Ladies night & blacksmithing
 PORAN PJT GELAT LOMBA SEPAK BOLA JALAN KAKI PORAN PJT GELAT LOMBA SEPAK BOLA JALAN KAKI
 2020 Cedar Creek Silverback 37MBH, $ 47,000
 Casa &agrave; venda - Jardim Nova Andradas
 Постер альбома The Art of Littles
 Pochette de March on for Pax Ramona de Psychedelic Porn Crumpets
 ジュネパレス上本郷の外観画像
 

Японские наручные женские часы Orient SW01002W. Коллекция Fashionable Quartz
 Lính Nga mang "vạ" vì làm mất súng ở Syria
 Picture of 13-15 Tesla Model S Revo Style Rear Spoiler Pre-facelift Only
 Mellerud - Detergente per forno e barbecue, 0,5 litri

-*-*-

▸ **PROBLEM TO SOLVE**:
From the first record to the last, copy everything exactly.

▸ **RESPONSE FOR THIS EXERCISE**:
Ladies night & blacksmithing
 PORAN PJT GELAT LOMBA SEPAK BOLA JALAN KAKI PORAN PJT GELAT LOMBA SEPAK BOLA JALAN KAKI
 2020 Cedar Creek Silverback 37MBH, $ 47,000
 Casa &agrave; venda - Jardim Nova Andradas
 Постер альбома The Art of Littles
 Pochette de March on for Pax Ramona de Psychedelic Porn Crumpets
 ジュネパレス上本郷の外観画像
 

Японские наручные женские часы Orient SW01002W. Коллекция Fashionable Quartz
 Lính Nga mang "vạ" vì làm mất súng ở Syria
 Picture of 13-15 Tesla Model S Revo Style Rear Spoiler Pre-facelift Only
 Mellerud - Detergente per forno e barbecue, 0,5 litri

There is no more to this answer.